What is required:
Each line of the material below is to be written out exactly. Leave out any picture.

Dataset content:
——————————

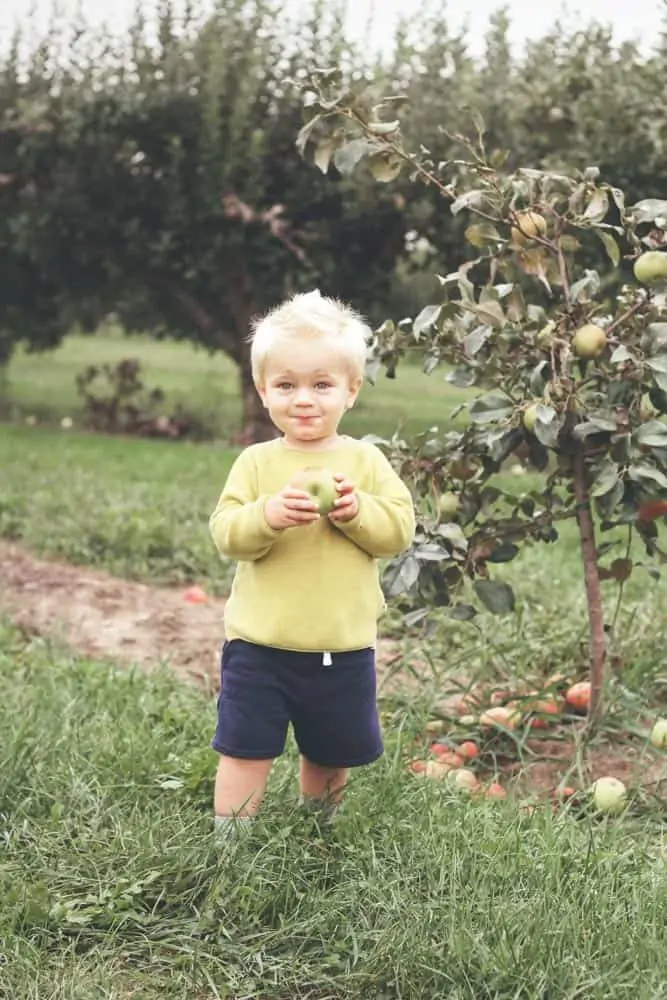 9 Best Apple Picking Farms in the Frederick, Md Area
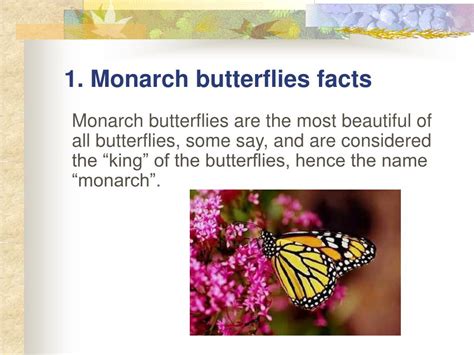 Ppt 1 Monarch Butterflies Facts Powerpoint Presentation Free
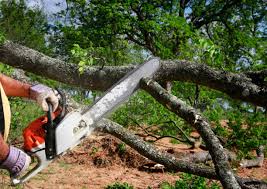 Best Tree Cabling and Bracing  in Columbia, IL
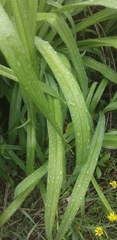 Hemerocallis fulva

——————————

Output of the exercise:
 9 Best Apple Picking Farms in the Frederick, Md Area
 Ppt 1 Monarch Butterflies Facts Powerpoint Presentation Free
 Best Tree Cabling and Bracing  in Columbia, IL
 Hemerocallis fulva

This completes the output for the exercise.